- What you have to do
Transcribe everything in the listing as written, and let no image into the copy.
══ Exercise data ══
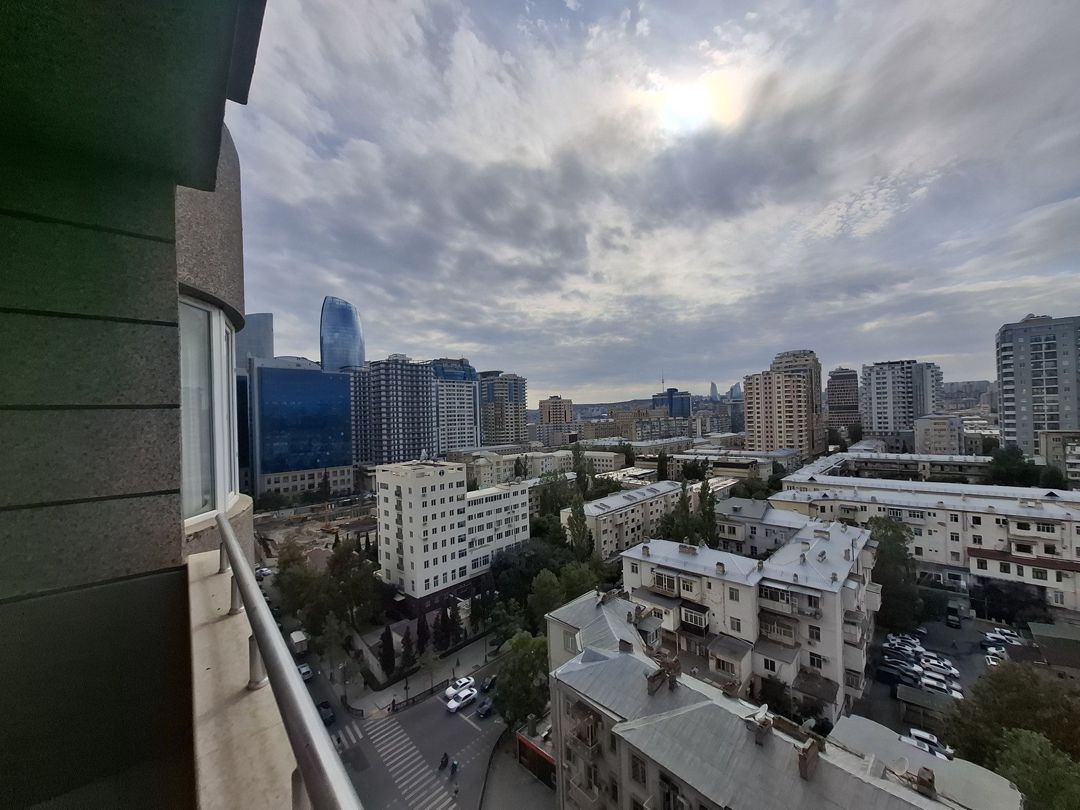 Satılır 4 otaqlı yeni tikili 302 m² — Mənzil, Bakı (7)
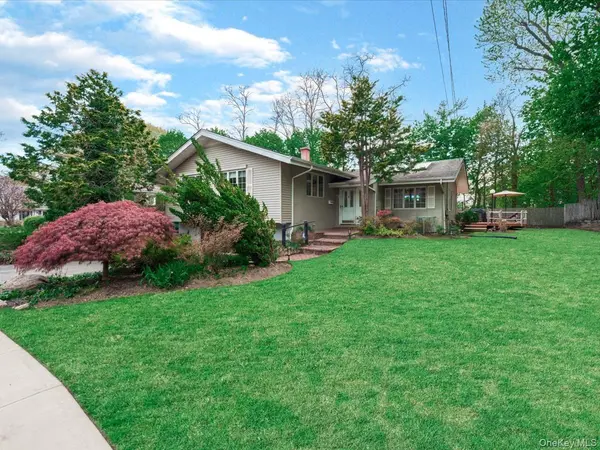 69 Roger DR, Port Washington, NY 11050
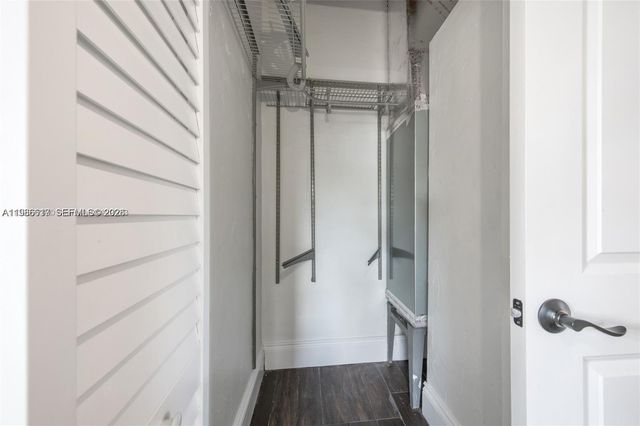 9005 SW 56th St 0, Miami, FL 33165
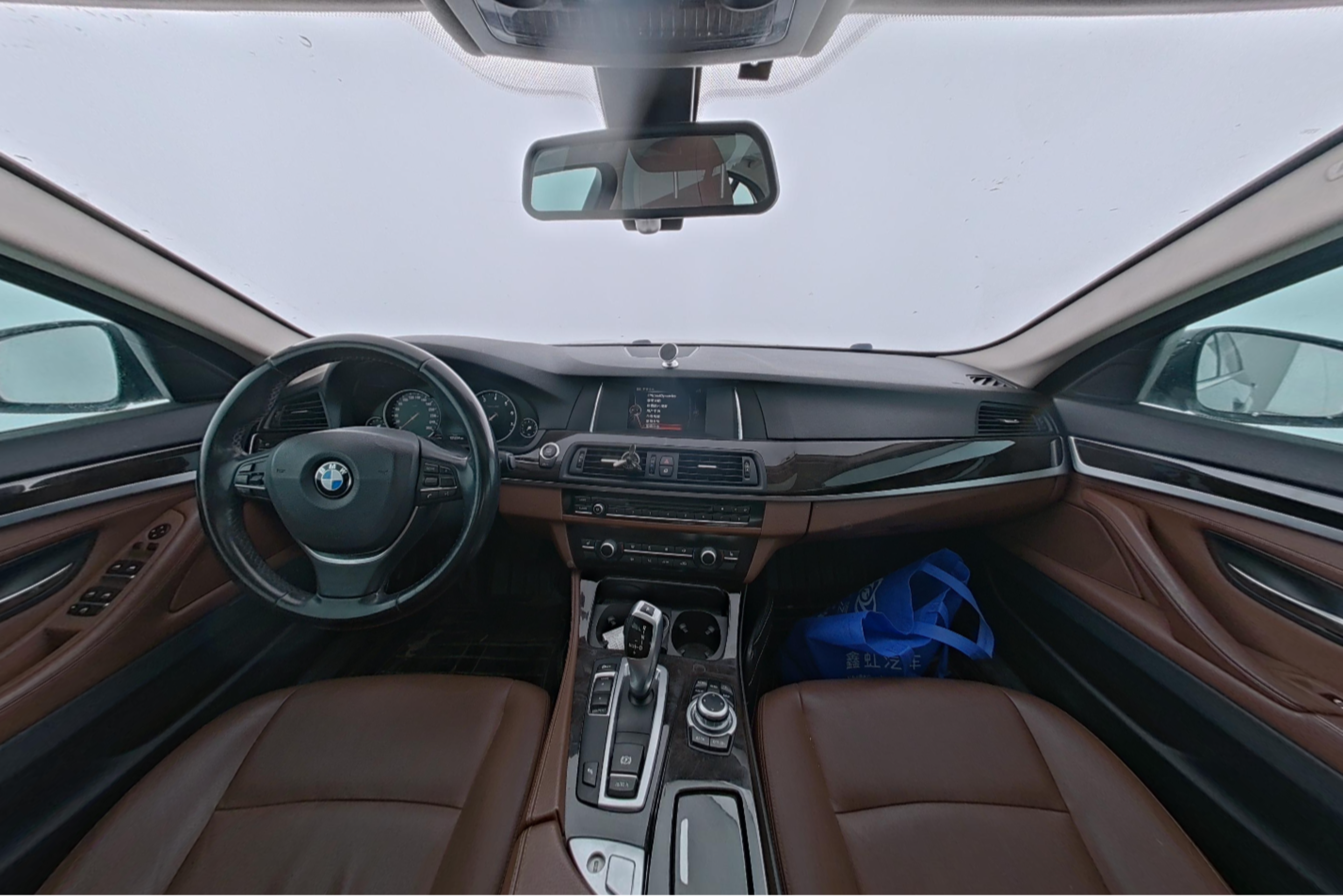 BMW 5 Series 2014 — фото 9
═══
- Reply to the task
 Satılır 4 otaqlı yeni tikili 302 m² — Mənzil, Bakı (7)
 69 Roger DR, Port Washington, NY 11050
 9005 SW 56th St 0, Miami, FL 33165
 BMW 5 Series 2014 — фото 9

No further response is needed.